◆ **Work to be completed**
Your answer must be the exact lines of the listing below that run from the line with "17 Bristol Mews, Craigieburn, VIC" to the line with "um quarto com", ends included, and no pictures.

◆ **Records for this task**
+++

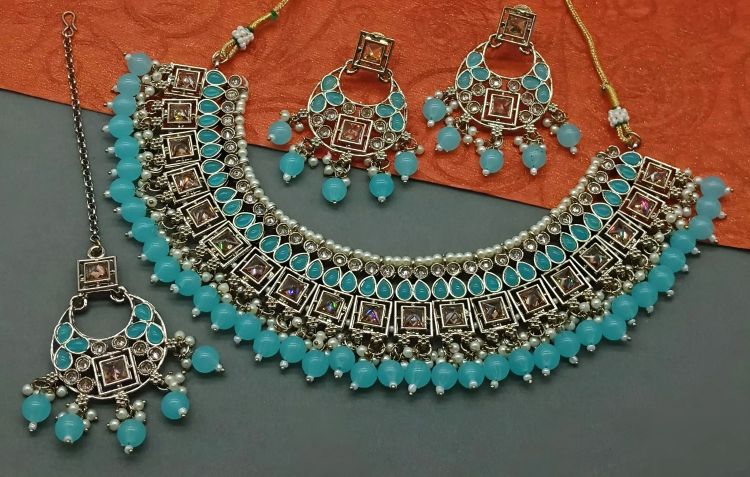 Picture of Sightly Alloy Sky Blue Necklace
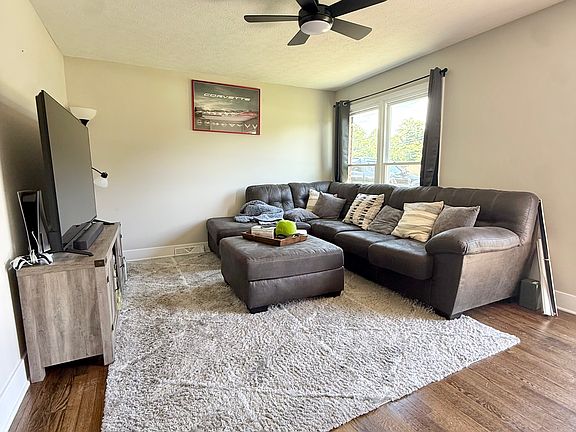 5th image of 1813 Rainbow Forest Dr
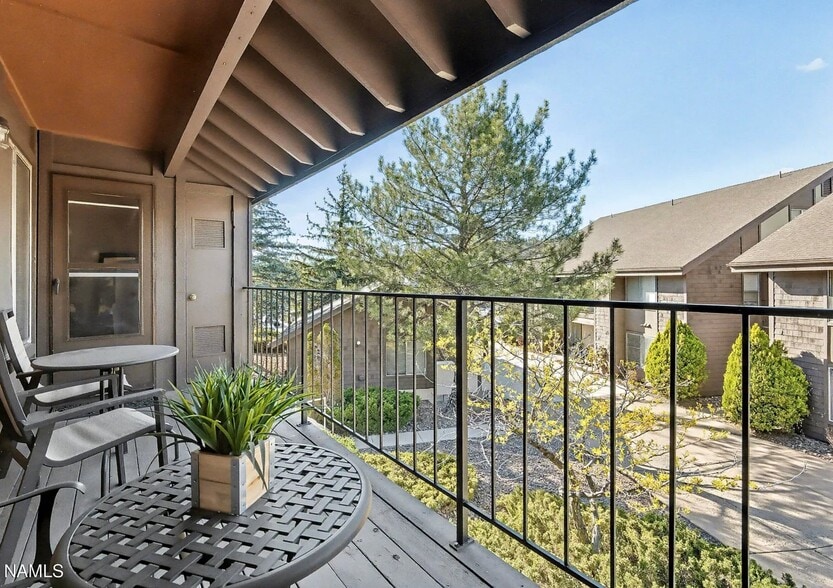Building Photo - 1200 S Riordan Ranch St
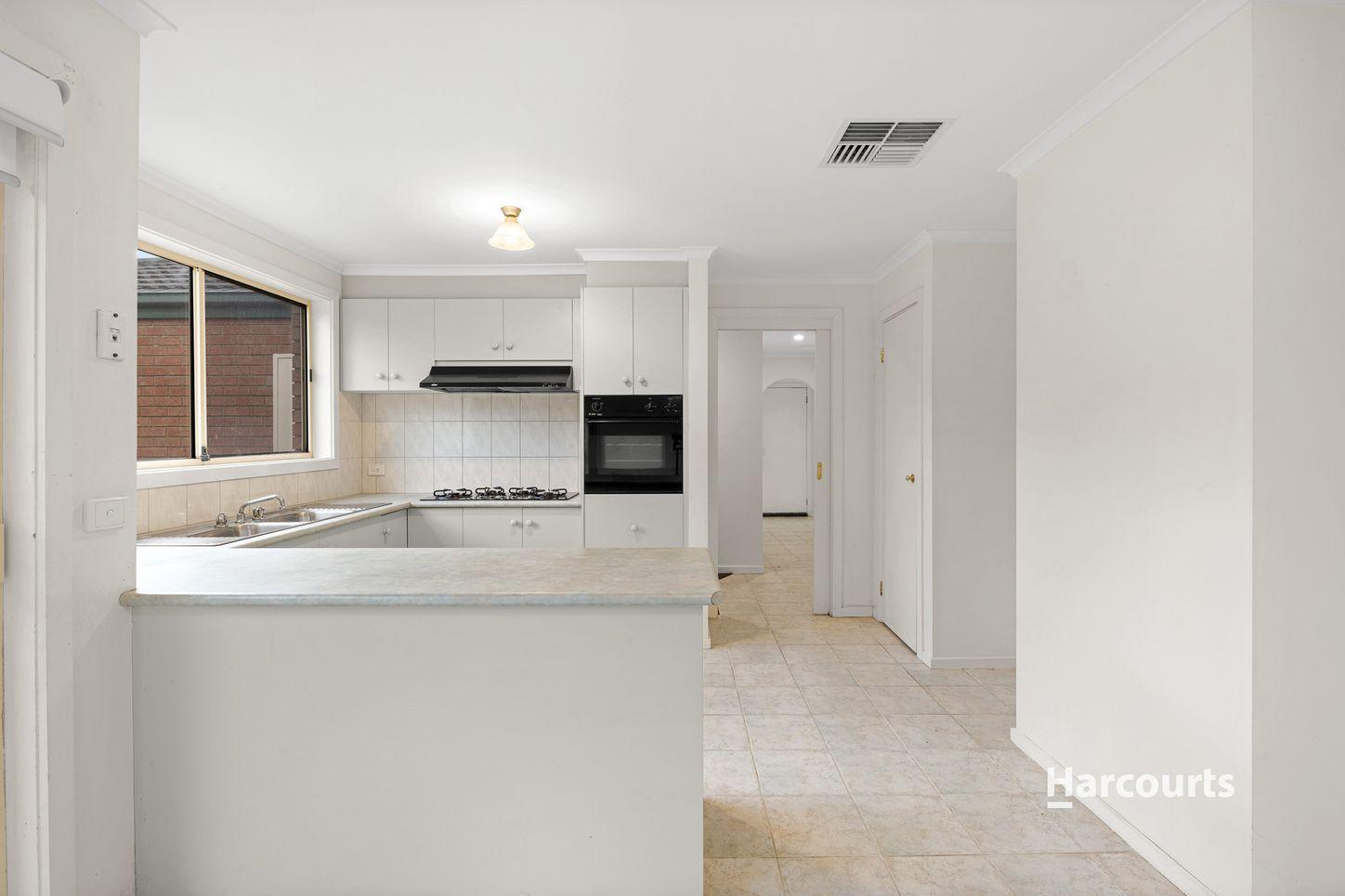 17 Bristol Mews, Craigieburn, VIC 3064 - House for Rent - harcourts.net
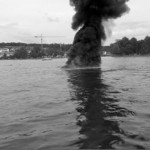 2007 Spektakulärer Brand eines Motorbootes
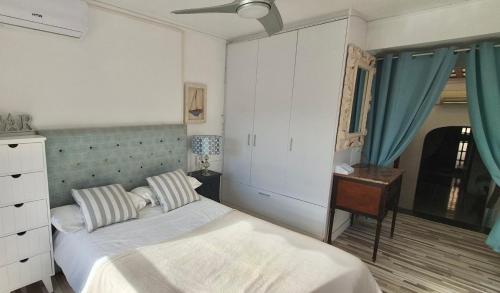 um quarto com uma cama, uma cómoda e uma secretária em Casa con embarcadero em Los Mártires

+++

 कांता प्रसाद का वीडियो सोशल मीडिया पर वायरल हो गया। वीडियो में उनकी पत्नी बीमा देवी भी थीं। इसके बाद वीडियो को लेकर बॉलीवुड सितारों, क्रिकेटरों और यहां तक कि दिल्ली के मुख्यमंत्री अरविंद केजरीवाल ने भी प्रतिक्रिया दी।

+++

◆ **Task solution**
 17 Bristol Mews, Craigieburn, VIC 3064 - House for Rent - harcourts.net
 2007 Spektakulärer Brand eines Motorbootes
 um quarto com uma cama, uma cómoda e uma secretária em Casa con embarcadero em Los Mártires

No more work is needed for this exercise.